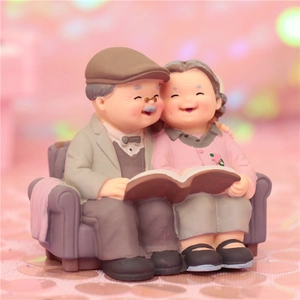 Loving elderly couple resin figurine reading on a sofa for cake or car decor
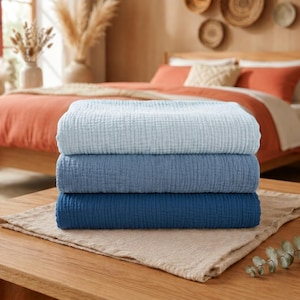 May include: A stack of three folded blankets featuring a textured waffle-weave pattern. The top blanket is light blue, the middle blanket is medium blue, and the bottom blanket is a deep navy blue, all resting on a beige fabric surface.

...

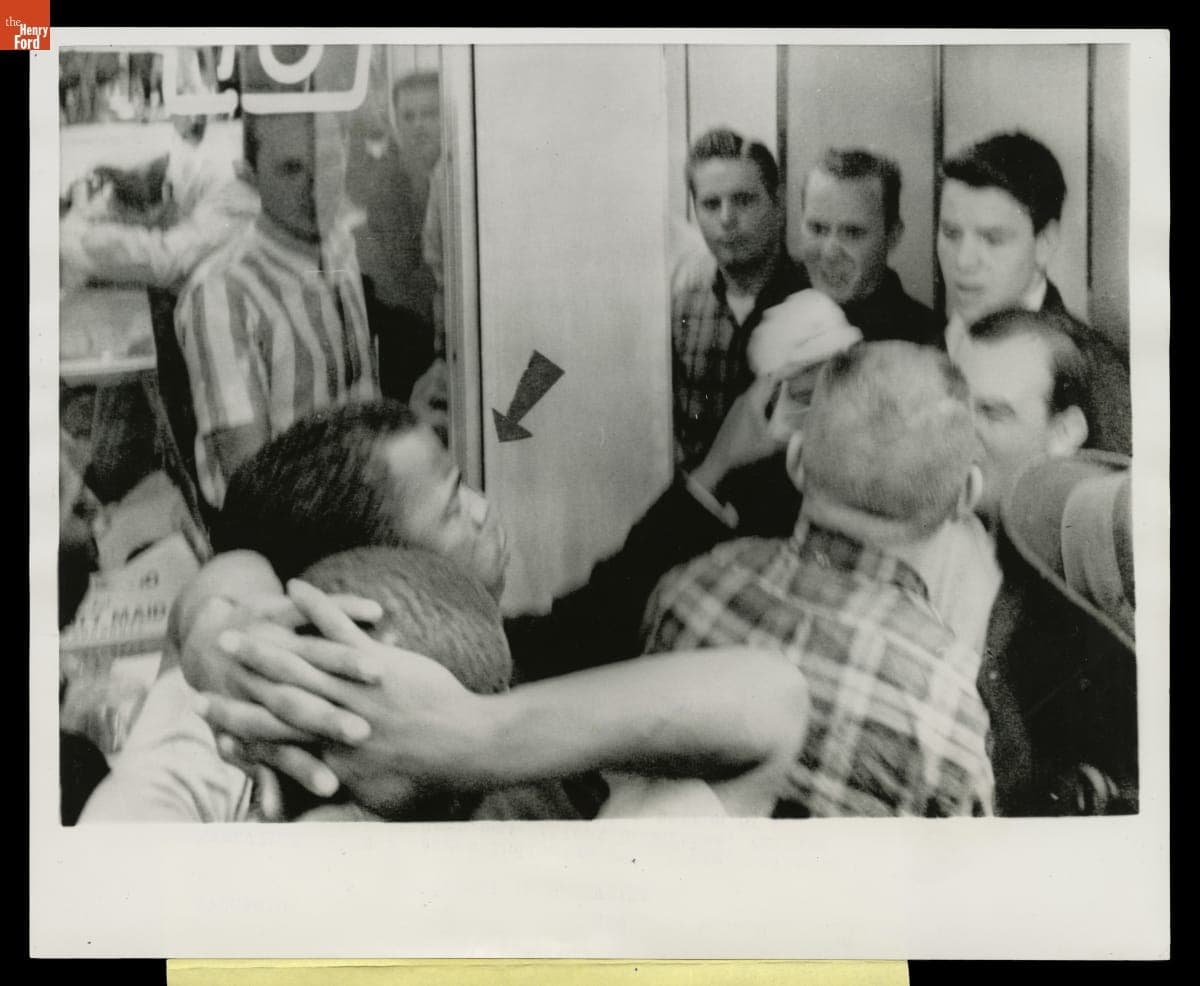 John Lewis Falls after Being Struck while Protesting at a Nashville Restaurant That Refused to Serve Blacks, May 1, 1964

--

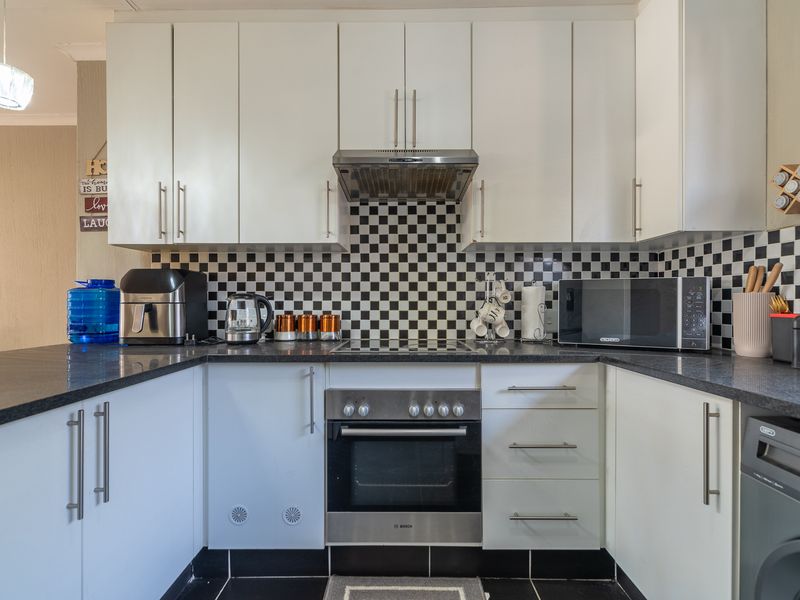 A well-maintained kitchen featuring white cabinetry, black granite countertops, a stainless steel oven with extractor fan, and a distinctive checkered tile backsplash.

▶ [THE PROBLEM]:
Treat the line with "Loving elderly couple" as the start and the line with "May include: A" as the end, and return exactly that span of the data above, both ends included, without pictures.

▶ [OUTPUT OF THE EXERCISE]:
 Loving elderly couple resin figurine reading on a sofa for cake or car decor
 May include: A stack of three folded blankets featuring a textured waffle-weave pattern. The top blanket is light blue, the middle blanket is medium blue, and the bottom blanket is a deep navy blue, all resting on a beige fabric surface.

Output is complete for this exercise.